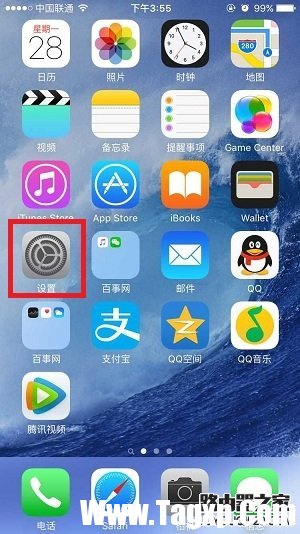 iPhone6s Pluss怎么導(dǎo)入通訊錄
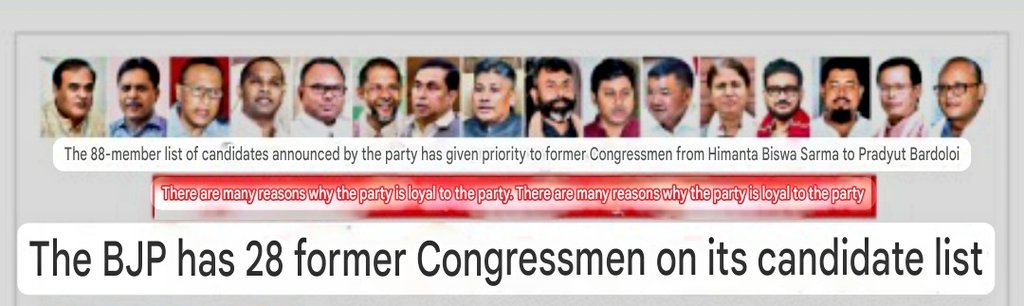 Fight Against Injustice of APSC tweet media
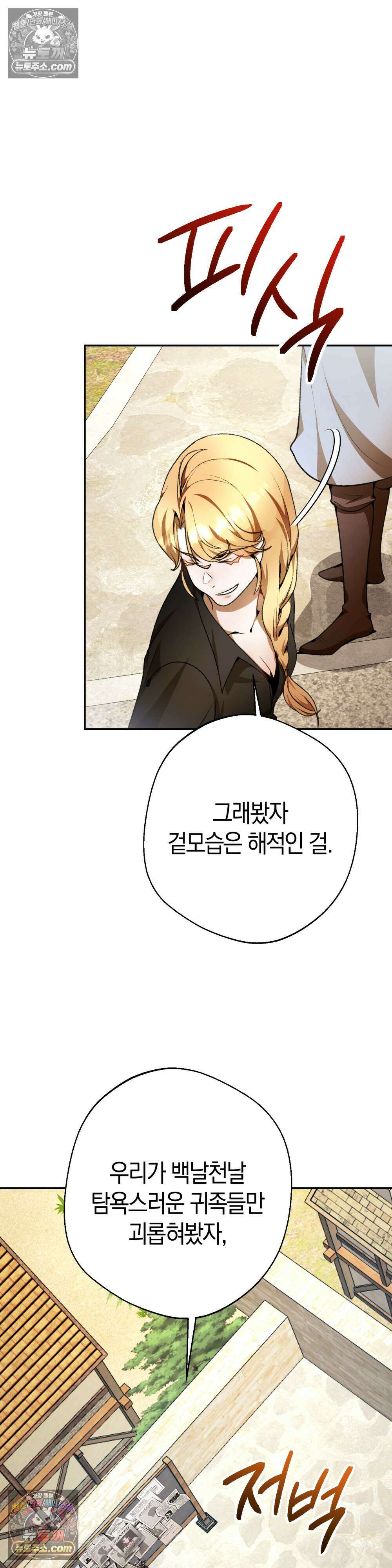 악마와 깊은 바다 사이 21화 7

--------

● **Work to complete**
Word for word, repeat the material above and drop the pictures.

● **Solution to this problem**
 iPhone6s Pluss怎么導(dǎo)入通訊錄
 Fight Against Injustice of APSC tweet media
 악마와 깊은 바다 사이 21화 7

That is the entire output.